Dit is het verhaal van de schepping en de soorten in de Bijbel, dat de meeste mensen begin 19e eeuw omarmden.
Het verzet was dan ook groot toen de Britse onderzoeker Charles Darwin met zijn baanbrekende werk uit 1859, On the Origin of Species (Over de oorsprong van soorten), de eerste bladzijden van de Bijbel met voeten trad.
In dit grote wetenschappelijke werk betoogt Darwin hoe alle levende organismen op de planeet miljoenen jaren geleden aan elkaar verwant waren. Hij legde ook uit hoe nieuwe soorten konden ontstaan: door natuurlijke selectie.

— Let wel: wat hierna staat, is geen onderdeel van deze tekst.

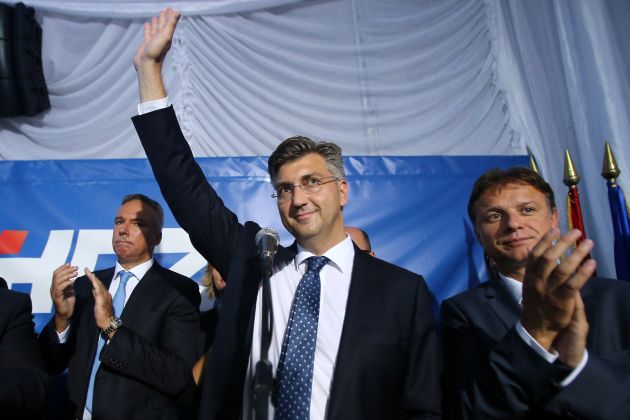 HDZ Andrej Plenković (1).jpg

Darwin wilde dominee worden
Het lag niet voor de hand dat Charles Darwin een van de grootste en invloedrijkste wetenschappers van zijn tijd zou worden en het christelijke wereldbeeld zou verbrijzelen.
Darwin begon zijn loopbaan in 1827 met een domineesopleiding aan de universiteit van Cambridge.
In die tijd beschreef de 18-jarige Darwin zichzelf als christen. Theologie kon hem echter niet boeien, maar zijn belangstelling voor zoölogie, plantkunde en geologie was des te groter.